[Short web captions]
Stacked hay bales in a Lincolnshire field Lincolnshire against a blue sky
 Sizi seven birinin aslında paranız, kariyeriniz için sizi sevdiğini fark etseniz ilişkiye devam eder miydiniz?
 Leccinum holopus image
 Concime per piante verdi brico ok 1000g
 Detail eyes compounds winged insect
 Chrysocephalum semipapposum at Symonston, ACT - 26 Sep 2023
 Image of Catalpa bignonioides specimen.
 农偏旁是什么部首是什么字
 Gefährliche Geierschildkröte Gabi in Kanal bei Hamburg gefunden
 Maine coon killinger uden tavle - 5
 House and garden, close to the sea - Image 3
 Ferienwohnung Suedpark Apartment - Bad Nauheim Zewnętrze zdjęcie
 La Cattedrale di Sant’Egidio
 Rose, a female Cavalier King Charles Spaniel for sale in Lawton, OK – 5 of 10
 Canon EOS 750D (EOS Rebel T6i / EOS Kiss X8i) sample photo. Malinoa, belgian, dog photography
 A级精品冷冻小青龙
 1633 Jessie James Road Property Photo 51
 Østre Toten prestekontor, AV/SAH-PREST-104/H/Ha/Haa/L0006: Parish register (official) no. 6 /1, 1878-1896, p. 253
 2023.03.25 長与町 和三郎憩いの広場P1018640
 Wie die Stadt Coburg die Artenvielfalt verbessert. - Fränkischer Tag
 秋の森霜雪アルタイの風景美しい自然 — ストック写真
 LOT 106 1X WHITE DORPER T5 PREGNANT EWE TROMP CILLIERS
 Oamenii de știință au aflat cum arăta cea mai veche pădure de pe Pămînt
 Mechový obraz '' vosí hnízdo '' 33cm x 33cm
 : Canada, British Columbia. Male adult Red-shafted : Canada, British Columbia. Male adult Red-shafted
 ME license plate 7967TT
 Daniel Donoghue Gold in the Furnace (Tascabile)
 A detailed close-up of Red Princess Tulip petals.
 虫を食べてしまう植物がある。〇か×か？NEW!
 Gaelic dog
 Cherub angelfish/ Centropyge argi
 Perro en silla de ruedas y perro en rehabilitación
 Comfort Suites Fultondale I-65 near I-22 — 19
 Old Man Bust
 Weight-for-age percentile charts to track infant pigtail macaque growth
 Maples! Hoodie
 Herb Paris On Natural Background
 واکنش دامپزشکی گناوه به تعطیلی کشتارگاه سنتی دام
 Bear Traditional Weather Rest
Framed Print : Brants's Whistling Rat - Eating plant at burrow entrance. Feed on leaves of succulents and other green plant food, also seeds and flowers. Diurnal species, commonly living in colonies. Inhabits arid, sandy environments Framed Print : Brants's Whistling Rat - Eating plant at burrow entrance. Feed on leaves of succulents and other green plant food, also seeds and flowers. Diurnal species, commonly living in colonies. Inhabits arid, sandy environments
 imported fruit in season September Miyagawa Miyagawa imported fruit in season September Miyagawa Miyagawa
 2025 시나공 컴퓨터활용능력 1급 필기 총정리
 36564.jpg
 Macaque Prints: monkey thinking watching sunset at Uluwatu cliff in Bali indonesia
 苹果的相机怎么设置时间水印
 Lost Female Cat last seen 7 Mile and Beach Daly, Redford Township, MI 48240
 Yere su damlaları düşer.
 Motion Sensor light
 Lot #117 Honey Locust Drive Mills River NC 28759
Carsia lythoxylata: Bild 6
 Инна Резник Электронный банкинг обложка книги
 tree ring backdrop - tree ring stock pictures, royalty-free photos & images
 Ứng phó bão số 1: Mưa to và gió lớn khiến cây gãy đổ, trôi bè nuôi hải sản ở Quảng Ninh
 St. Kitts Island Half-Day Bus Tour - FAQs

▶ [TASK INSTRUCTIONS]: For this exercise, please copy exactly the lines from the one holding "Weight-for-age percentile charts" through the end of the records, the first and last included.

▶ [REPLY]:
 Weight-for-age percentile charts to track infant pigtail macaque growth
 Maples! Hoodie
 Herb Paris On Natural Background
 واکنش دامپزشکی گناوه به تعطیلی کشتارگاه سنتی دام
 Bear Traditional Weather Rest
Framed Print : Brants's Whistling Rat - Eating plant at burrow entrance. Feed on leaves of succulents and other green plant food, also seeds and flowers. Diurnal species, commonly living in colonies. Inhabits arid, sandy environments Framed Print : Brants's Whistling Rat - Eating plant at burrow entrance. Feed on leaves of succulents and other green plant food, also seeds and flowers. Diurnal species, commonly living in colonies. Inhabits arid, sandy environments
 imported fruit in season September Miyagawa Miyagawa imported fruit in season September Miyagawa Miyagawa
 2025 시나공 컴퓨터활용능력 1급 필기 총정리
 36564.jpg
 Macaque Prints: monkey thinking watching sunset at Uluwatu cliff in Bali indonesia
 苹果的相机怎么设置时间水印
 Lost Female Cat last seen 7 Mile and Beach Daly, Redford Township, MI 48240
 Yere su damlaları düşer.
 Motion Sensor light
 Lot #117 Honey Locust Drive Mills River NC 28759
Carsia lythoxylata: Bild 6
 Инна Резник Электронный банкинг обложка книги
 tree ring backdrop - tree ring stock pictures, royalty-free photos & images
 Ứng phó bão số 1: Mưa to và gió lớn khiến cây gãy đổ, trôi bè nuôi hải sản ở Quảng Ninh
 St. Kitts Island Half-Day Bus Tour - FAQs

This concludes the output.